◆ What this task involves
Range to output from the entries below: the line containing "Opel Crossland - 1.2" through the line containing "KIL-A-PEST Exterminator Co.". Set it down exactly, ends included, nothing else.

◆ Source records
==============================

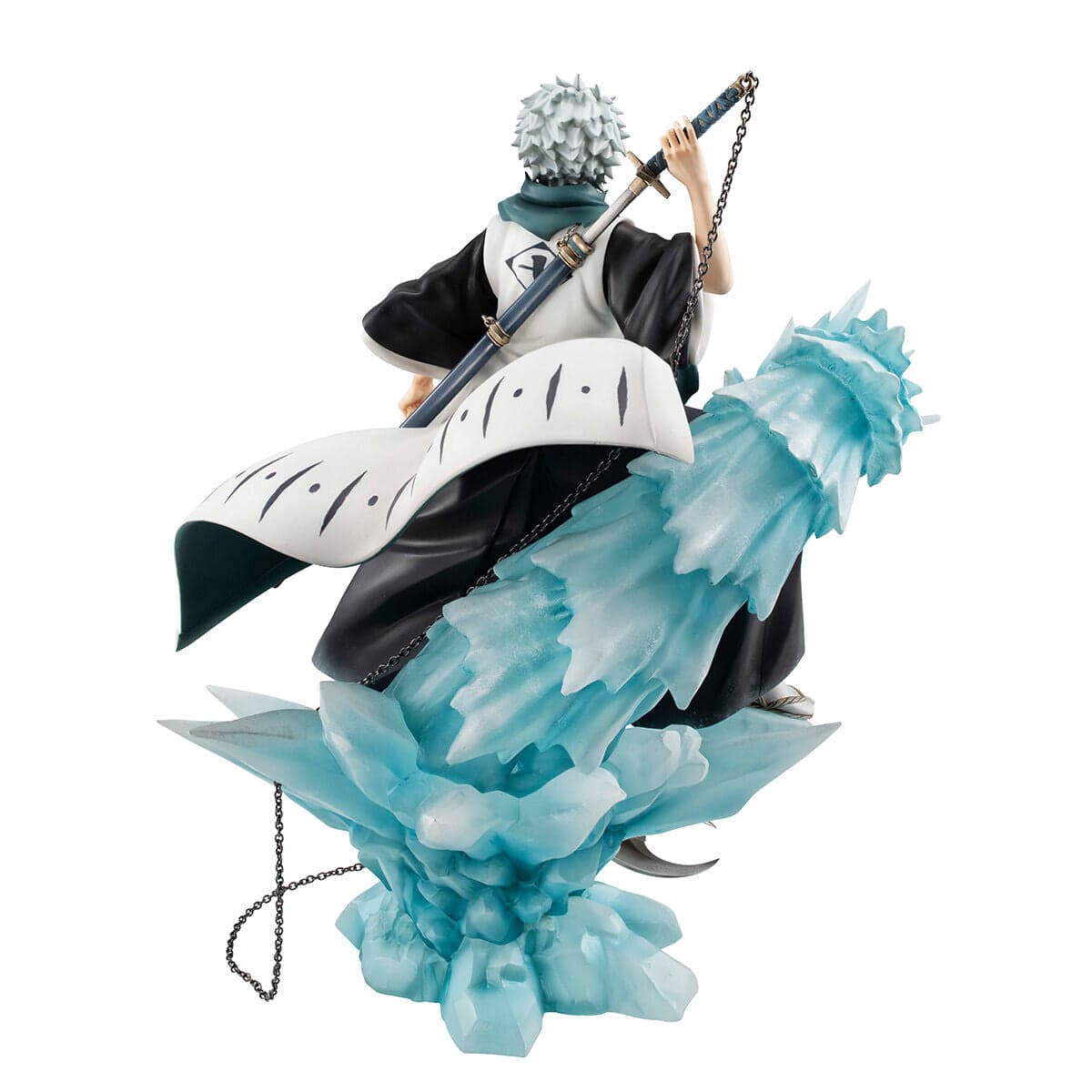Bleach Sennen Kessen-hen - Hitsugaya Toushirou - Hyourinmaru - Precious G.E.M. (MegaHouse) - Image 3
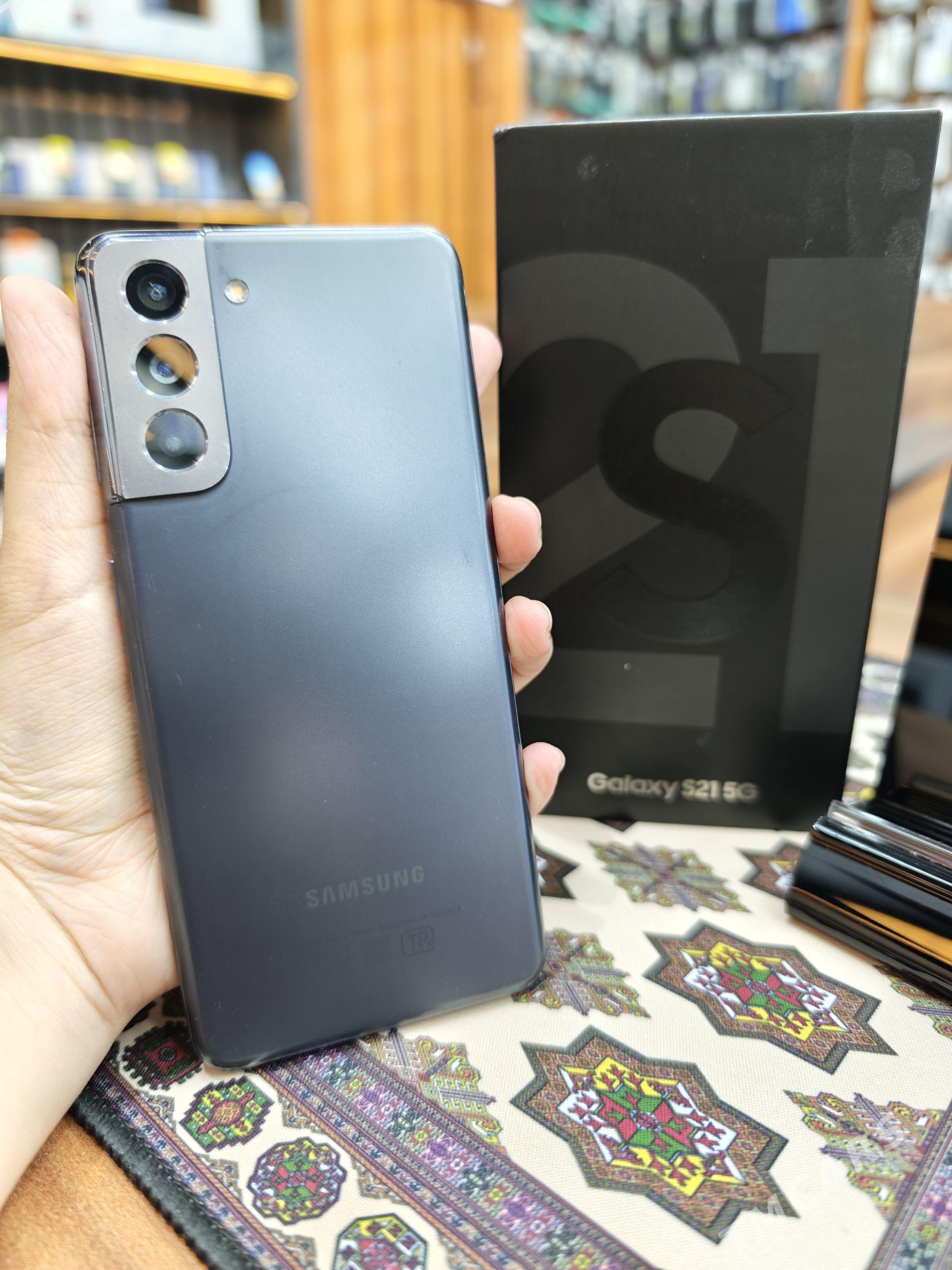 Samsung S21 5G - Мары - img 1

==============================

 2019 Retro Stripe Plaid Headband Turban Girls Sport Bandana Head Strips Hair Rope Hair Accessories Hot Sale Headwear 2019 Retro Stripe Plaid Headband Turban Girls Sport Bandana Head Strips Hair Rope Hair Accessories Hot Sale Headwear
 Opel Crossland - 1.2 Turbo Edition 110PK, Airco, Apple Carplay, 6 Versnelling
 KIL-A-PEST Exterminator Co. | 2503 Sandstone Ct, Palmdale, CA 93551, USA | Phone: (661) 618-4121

==============================

◆ Exercise response
 Opel Crossland - 1.2 Turbo Edition 110PK, Airco, Apple Carplay, 6 Versnelling
 KIL-A-PEST Exterminator Co. | 2503 Sandstone Ct, Palmdale, CA 93551, USA | Phone: (661) 618-4121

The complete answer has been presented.